SB 826 - This act modifies the law relating to ethics.
A statewide elected official is guilty of the crime of bribery of a public servant if he or she makes offers or promises to confer paid employment to any other statewide elected official in exchange for the legislator's official vote. Those who agree to such an arrangement are guilty of the crime of acceding to corruption.
Nominees for gubernatorial appointments to a board or commission requiring Senate confirmation shall file a financial interest statement and shall request a list of political contributions from the Ethics Commission. The nominee shall deliver the information to the Senate pro tem prior to confirmation.
Lobbyists who knowingly omit, conceal, or falsify information in expenditure reports are guilty of a Class A misdemeanor. Lobbyists are required to report expenditures when all members of certain bodies (such as the Senate) are invited in writing. This act stipulates that those bodies may or may not include staff. Statewide officials are included.
SECTIONS 105.955, 105.957, 105.959, 105.961
With a unanimous vote of the Ethics Commission, the executive director may conduct an independent investigation of an ethics violation without a complaint if there are reasonable grounds to believe that a violation has occurred. The commission shall notify the person under investigation and assign a special investigator. The investigations of the executive director are confidential and the revealing of such information shall be cause for removal or dismissal. Investigations failing to establish reasonable grounds to believe a violation has occurred shall be terminated.
Currently, within 120 days of receipt of a complaint, the special investigator submits a report to the commission. This act changes that threshold to 90 days.

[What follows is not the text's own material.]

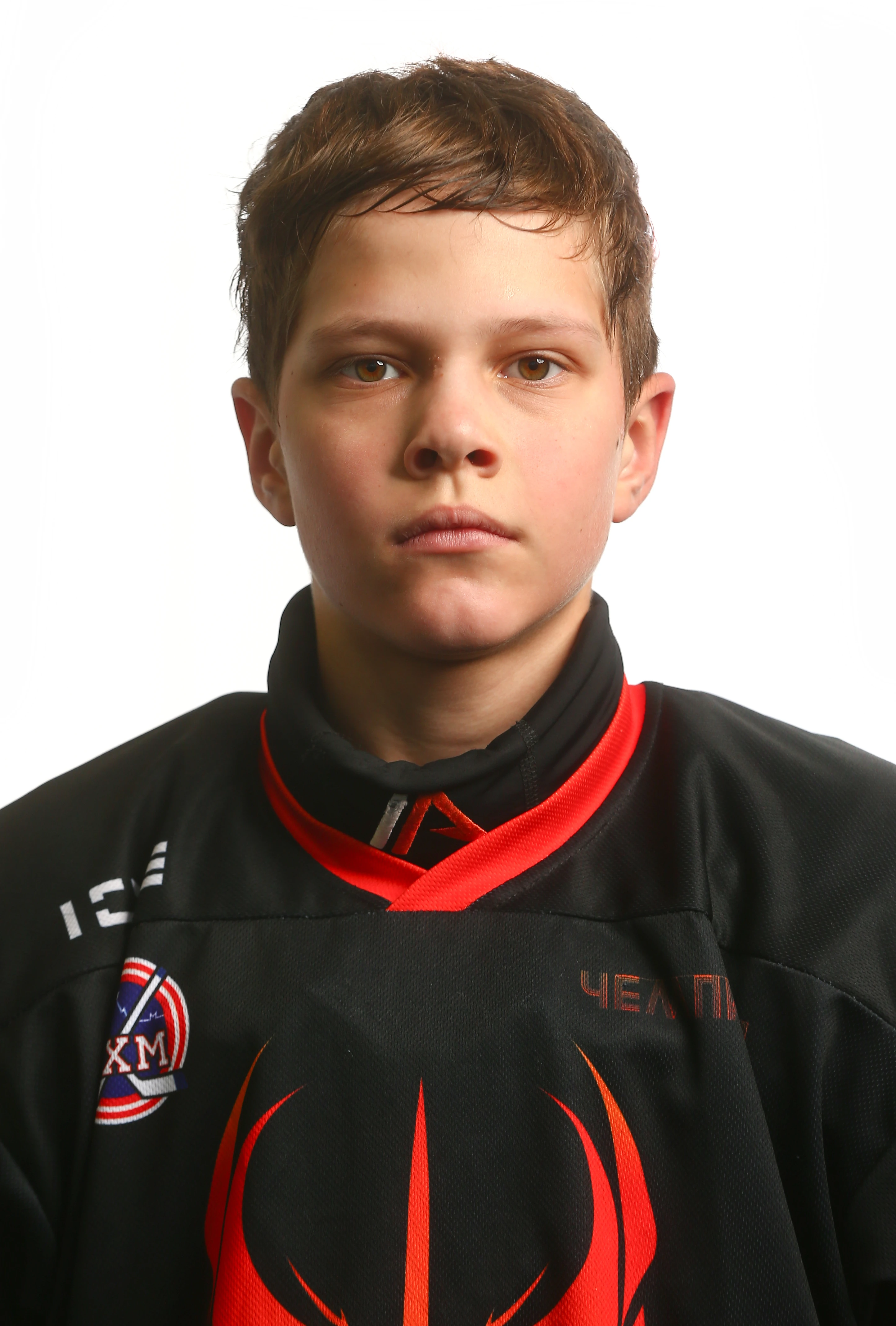 Gorshkov Aleksei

Determinations that violations have occurred, other than referrals for criminal prosecution, may be appealed de novo to the Circuit Court of Cole County instead of the Administrative Hearing Commission.
The late filing fee for filing campaign disclosure reports and statements of limited activity are increased from $10 to $50 per day not to exceed $3,000. The executive director is allowed to send notice by other means than registered mail within 7 days of failure to file. Lobbyists required to file expenditure reports, individuals required to file financial disclosure reports, and candidates and committees required to file disclosure statements may appeal late fee assessments in the same manner with the commission.
The act allows the commission to collect unpaid fees through garnishment and other means.
The act removes a provision allowing extra time for investigations when they are assigned to a retired judge and a provision allowing the commission to file a petition to seek extra time.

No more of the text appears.